Theme: Christmas Miracles
This week’s lessons help us to prepare to celebrate the birth of Christ by
focusing on three miracles seen in the angel Gabriel’s visit to Mary.
Scripture: Luke 1:26-38
There is something about Christmas that is wonderful—in spite of the frantic pace of the days leading up to Christmas, the anxious flurry of pre-Christmas buying and the undisguised commercialism and materialism that is so much a part of Christmas in the West. I suppose it is the sheer magnitude of the event itself, the grandeur of what Christmas means: the birth of the Savior.
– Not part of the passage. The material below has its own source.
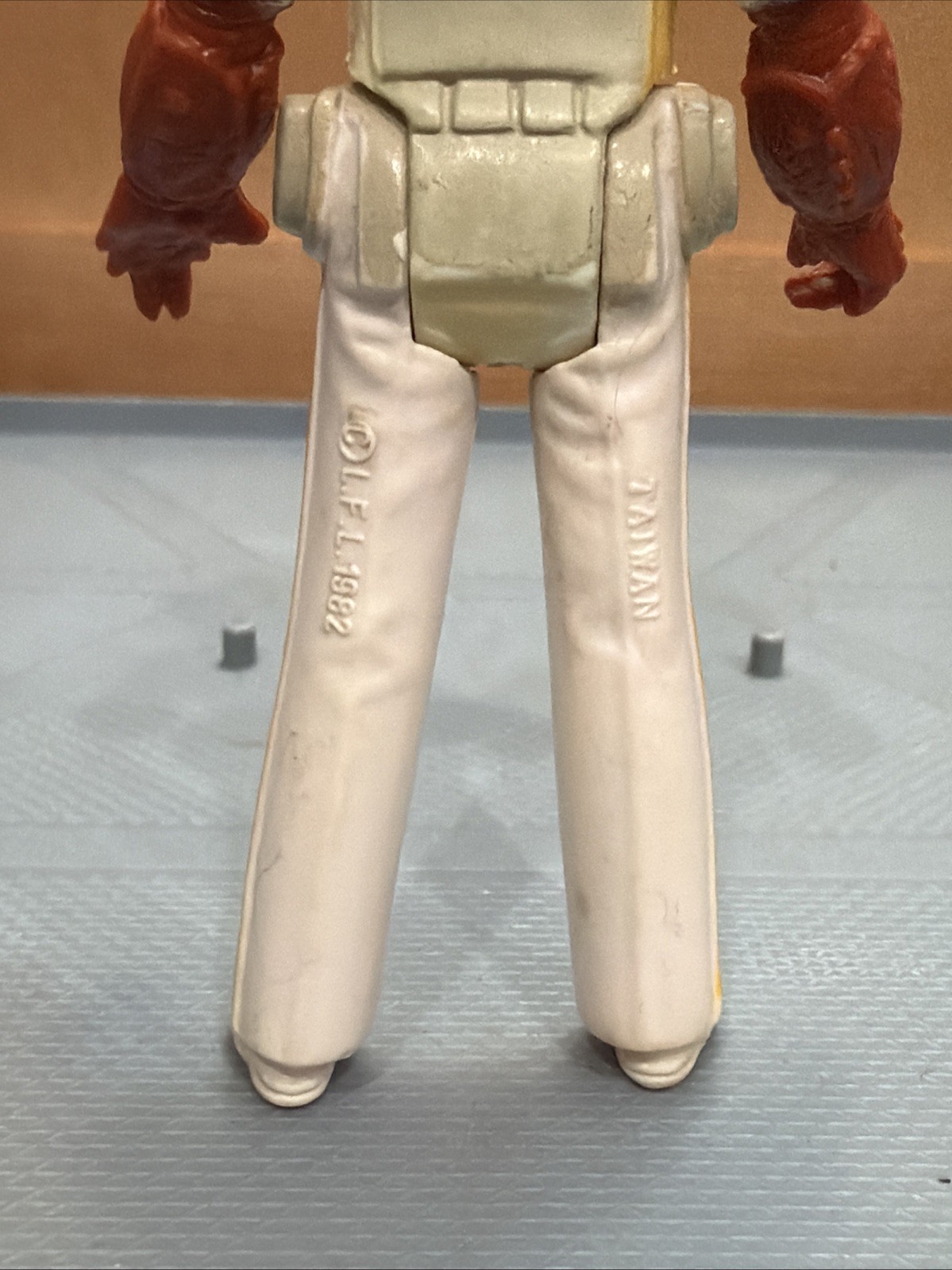 Admiral Ackbar sold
And the miracles! We often say that the birth of any baby is a miracle, meaning that life is a miracle. And it is. We cannot create life. Life is God’s gift. But in the case of Christmas, the miracles are so much bigger even than that. In my judgment the miracles of Christmas are greater even than the miracles Jesus did in his lifetime—healing the lepers, giving sight to the blind and strength to the lame, raising the dead to life—greater even than the climactic resurrection of Jesus himself on the third day following his crucifixion. And there is something of the wonder of these miracles in our observances of Christmas even for modern people, like ourselves, who have such difficulty with the miraculous.
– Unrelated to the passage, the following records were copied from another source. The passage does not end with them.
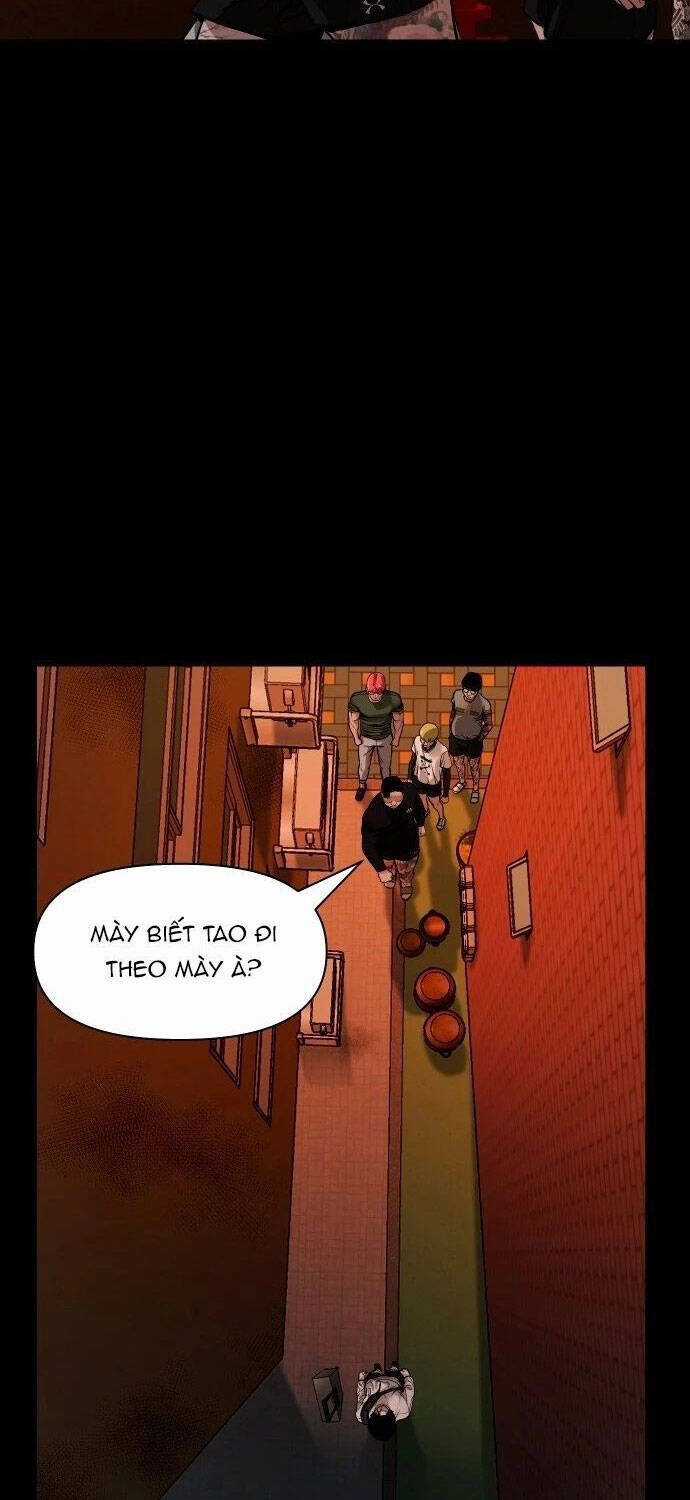 Ngôi Làng Ma Quái Chapter 12 trang 3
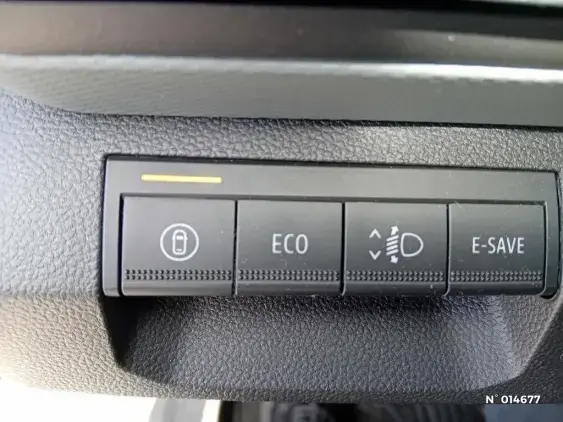 DACIA DUSTER III - voiture d'occasion - Photo 15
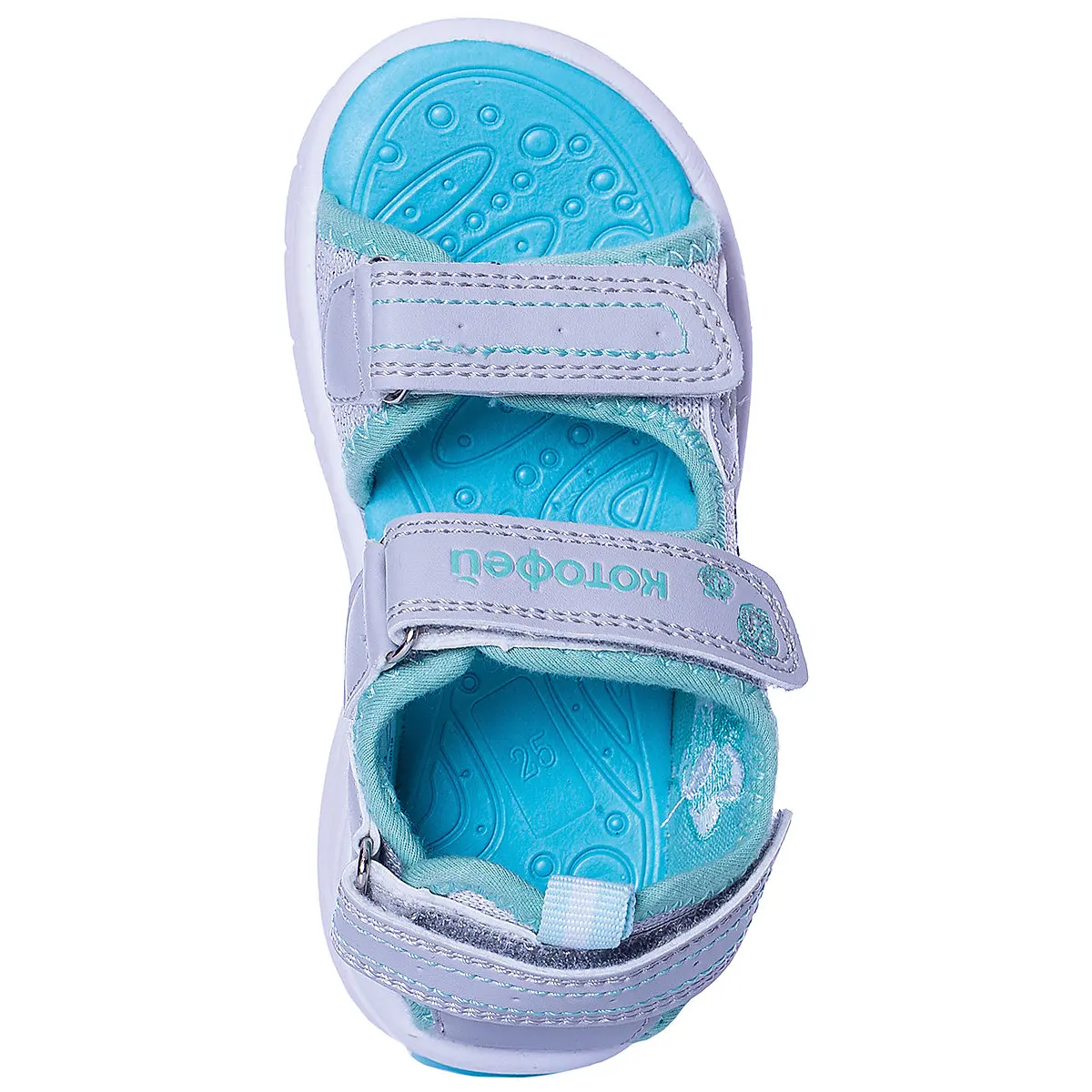 KOTOFEY Sandals 11319841 children's shoes comfortable and light girls and boys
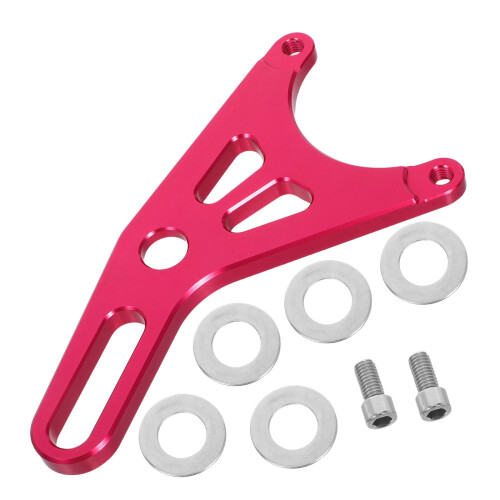 Disc Brake Adapter Rear Bracket Converter for Motorcycle E-Scooter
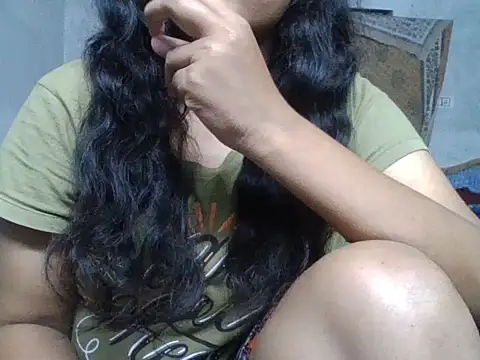 Snapshot of manju_02 chatting on October 12, 2025, 5:50 am manju 02 online show from October 12, 2025, 5:50 am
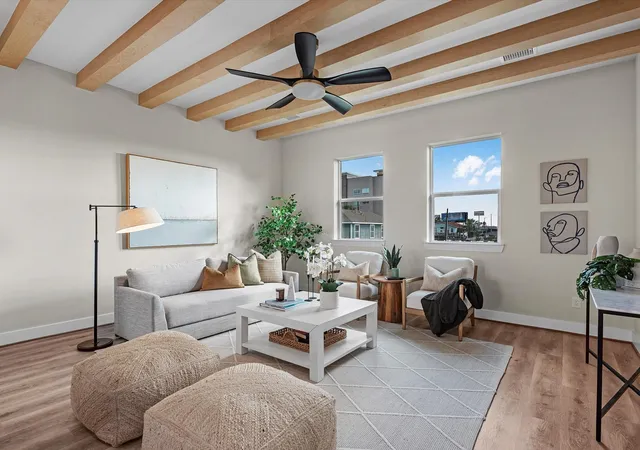 5th image of 1102 64Th St, Galveston, TX 77551 | MLS# 27179823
The miracles are there from the very beginning too, from the moment in which the angel Gabriel announced the conception and birth of Jesus to the humble virgin of Nazareth, whose name was Mary.
Martin Luther was such a vigorous and original person that I have often turned to him to see what he had to say about some well-known text, like the verses in which Gabriel announces the birth of Jesus to Mary. When I did that for these verses I discovered that Luther himself sometimes turned to other people and that, in this case, he turned to Saint Bernard, the godly French monk who lived in the twelfth century.
Luther quotes Bernard as saying that there are three miracles in this story: 1) “that God and man should be joined in this child,” 2) “that a mother should remain a virgin,” and 3) “that Mary should have such faith as to believe that this mystery would be accomplished in her.” He adds perceptively that “the last is not the least of the three.”1 I find this to be a fresh way to look at the announcement of the birth of Christ and so take it as a guideline in this study.
Study Questions:

Make a list of the major biblical and theological themes that are contained in the Christmas story. How do they challenge the dominant secular themes and interests of the season?
What are the three miracles that Bernard lists?

Application: What are some ways in which other activities and events can interfere with a proper celebration of the true significance of Christmas? What can you do this year to make sure you set aside enough time to quietly and thoughtfully reflect and pray over the glorious event of the birth of Christ?
1Martin Luther, The Martin Luther Christmas Book, trans. and arranged by Roland H. Bainton (Philadelphia: Fortress Press, 1948), pp. 22, 23.